> Task directions
Give all the data again exactly.

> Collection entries
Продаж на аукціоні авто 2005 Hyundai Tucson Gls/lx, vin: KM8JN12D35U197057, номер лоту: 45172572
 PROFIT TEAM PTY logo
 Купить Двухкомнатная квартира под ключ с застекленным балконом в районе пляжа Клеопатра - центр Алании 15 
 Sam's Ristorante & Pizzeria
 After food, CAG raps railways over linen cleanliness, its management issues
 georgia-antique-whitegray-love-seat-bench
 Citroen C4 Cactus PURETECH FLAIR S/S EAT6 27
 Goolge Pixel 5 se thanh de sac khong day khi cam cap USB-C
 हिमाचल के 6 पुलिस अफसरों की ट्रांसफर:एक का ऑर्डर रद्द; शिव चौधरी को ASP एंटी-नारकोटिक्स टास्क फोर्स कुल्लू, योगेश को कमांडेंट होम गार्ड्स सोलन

> Result
Продаж на аукціоні авто 2005 Hyundai Tucson Gls/lx, vin: KM8JN12D35U197057, номер лоту: 45172572
 PROFIT TEAM PTY logo
 Купить Двухкомнатная квартира под ключ с застекленным балконом в районе пляжа Клеопатра - центр Алании 15 
 Sam's Ristorante & Pizzeria
 After food, CAG raps railways over linen cleanliness, its management issues
 georgia-antique-whitegray-love-seat-bench
 Citroen C4 Cactus PURETECH FLAIR S/S EAT6 27
 Goolge Pixel 5 se thanh de sac khong day khi cam cap USB-C
 हिमाचल के 6 पुलिस अफसरों की ट्रांसफर:एक का ऑर्डर रद्द; शिव चौधरी को ASP एंटी-नारकोटिक्स टास्क फोर्स कुल्लू, योगेश को कमांडेंट होम गार्ड्स सोलन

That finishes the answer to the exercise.